Greetings to the family of God at St. Ursula, across the Diocese and wherever this service is being heard. Under normal circumstances this would have an occasion for great celebration as you celebrate your patronal festival. With the COvid-19 pandemic ravaging the world, this is what our Sunday worship has come to, a virtual service.
In the midst of this pandemic
each week God has sent us a word of hope. This hope comes from the stories in the sacred text of God delivering enslaved people and journeying with them to a place of promise. We will recall that as they journeyed, they faced many dangers, toils, and snares. Yet, the grace of God took them safely through! All they needed God provided, be it food, water, shelter, shade from the heat of the sun, light in the darkness of night, guidance, and protection from the enemy.
As we journey through this COVID-19 pandemic, God has provided all that we need to keep us safe. God has sent messengers to tell us what to do to protect ourselves. We will recall that when the children of Israel were about to be set free from the tyranny in Egypt, God sent instructions as to what they must do to remain safe. They were not only supposed to put the blood over the doors of their homes, but also, they were supposed to stay inside, quarantine themselves. Isn’t that the same kind of instruction we are given today, stay indoors, wash our hands, wear face masks, social distance!
My friends the circumstances may be different, but the instructions are the same in order to preserve life. We have to choose whose voice we will listen to, who is telling us the truth. For those who know the Sacred Text account, it should not be so difficult for us to compare the voices of the true shepherds from the voices of the hirelings. The true shepherds’ account will call to mind the biblical account. While the hirelings’ account will contradict the Scared Text.

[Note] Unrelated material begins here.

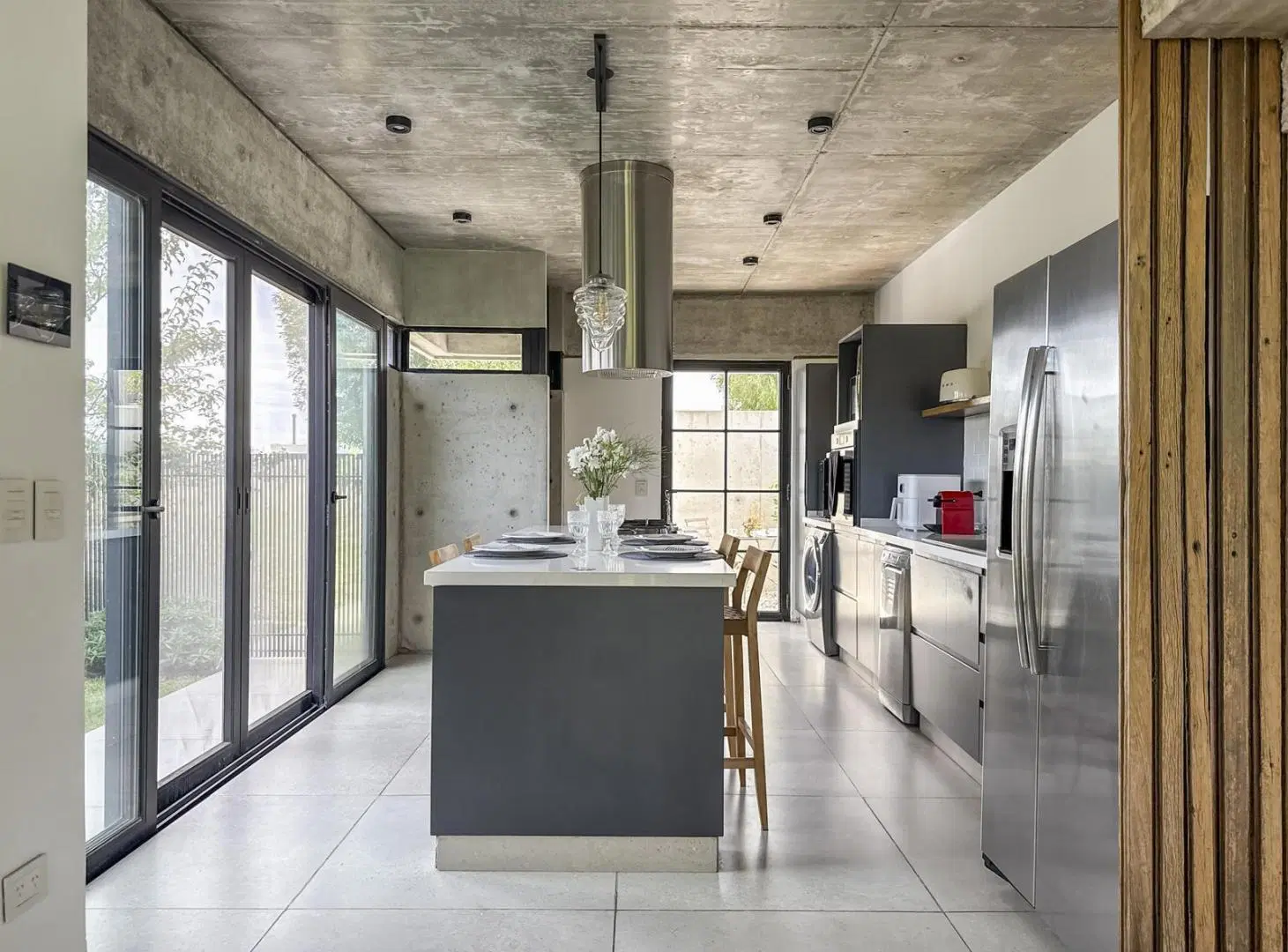 VENTA CASA 6 AMBIENTES BARRIO CARPINCHOS NORDELTA 2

We have the assurance to be guided in the right way because God said, “My presence will go with you.” So, we are not travelling alone. Such knowledge should give us hope as we journey. God will keep God’s promise. Even in the misted of life storms. God is with us to guide and protect us.
From the Sacred Text for this week in the midst of this pandemic, Deuteronomy 34 tells us of new leadership being raised up to carry on the work of ministry. This calls to mind the clause, the with the spirit’s gifts empower us for the work of ministry.

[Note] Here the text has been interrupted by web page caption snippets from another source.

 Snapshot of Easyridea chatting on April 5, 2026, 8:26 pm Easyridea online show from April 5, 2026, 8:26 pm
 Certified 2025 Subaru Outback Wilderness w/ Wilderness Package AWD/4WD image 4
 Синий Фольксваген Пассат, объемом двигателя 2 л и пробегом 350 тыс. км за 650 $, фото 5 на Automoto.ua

God knows all about our struggles at this time and will stop at nothing to raise up new leaderships during this most challenging time to help us fulfill the mission to which we were called as a community of faith and the ministry for which we were given individual gifts. When Jesus exercised his ministry, he called us to love one another.

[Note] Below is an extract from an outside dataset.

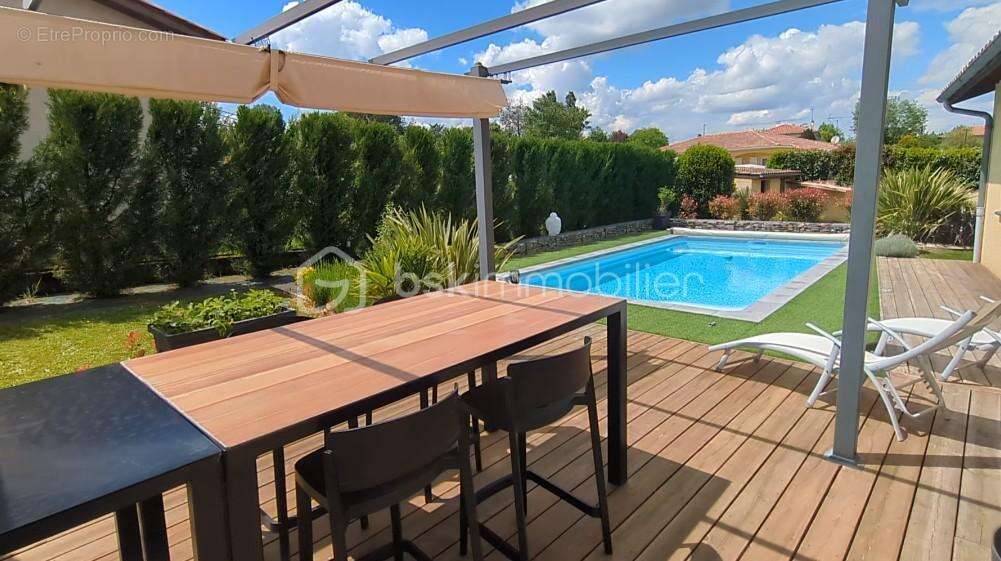 Villa d’architecte contemporaine avec piscine et domotique – 226 m² - photo 22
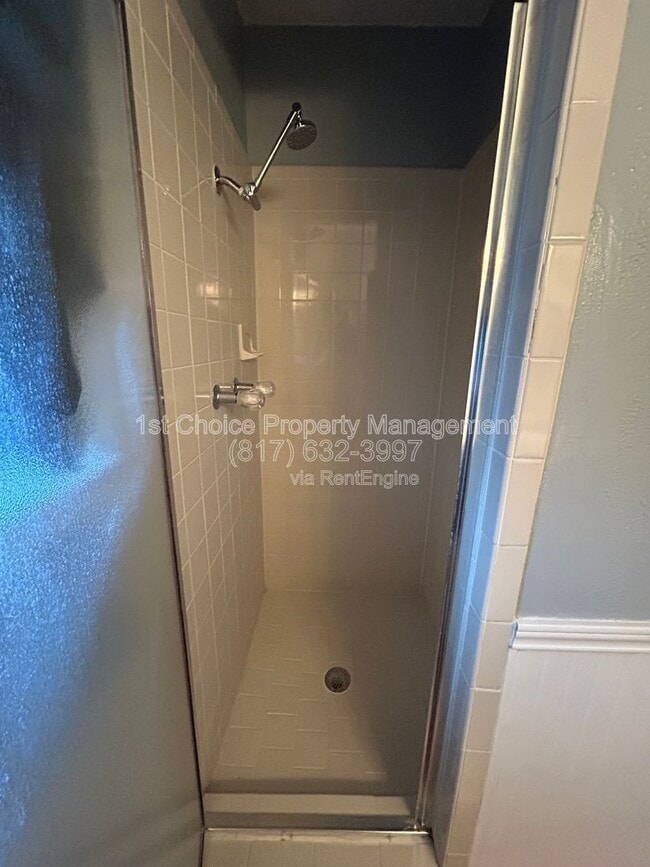 Building Photo - 6409 Stardust Dr S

When questioned about the commandments He informed them that they must love God and their neighbor. Through His ministry the love of God was being experienced in the lives of the people. Lives were being changed through the power of the Holy Spirit. People were going around calling on the name of Jesus as the one who showed them the love of the Father. This love was best demonstrated as they cared for the needs of the community.
The love of God is made perfect in us by the way we love our neighbor. 1 John 4:20 asks us, if we despise God’s other children how can we say, we love God? Remember we must love our neighbor as we love God. We must love our neighbor in God who so loved us that He gave His son. This kind of love rescues us from serving for selfish reasons. Our love for each other stands against the background of what God has done for us in Christ. To Love God with all our heart is a commitment required in love of our neighbor. One law is like the other, they cannot be separated. Because we share in the immortal love, which is forever full, forever flowing free, forever shared, forever whole. This should give us an image of the depth and weight and breath and height of God’s love for us.
Then to love the Lord with all our heart and mind and soul and strength means that we are to love God with all our powers. We are made to love and serve the Lord. We are made to love with the whole self. One of the things noticeable about the early church was their love of God which was manifested in their love for one another. This brought many converts to the faith as people saw how they endured during difficult times, and in spite of the situation looked out for each other, they shared their material possessions so that there would be no want in the community.
Let us always remember that we have to Love the Lord with our entire being. When we draw near to God, God draws near to us and writes His law of love on our hearts that it may never depart from us. The word becomes a lantern to our feet and a light to our path. And in that light, we can show the love of God to each other.
— The Right Rev. Edward Ambrose Gumbs is the Episcopal Bishop of the Diocese of the Virgin Islands.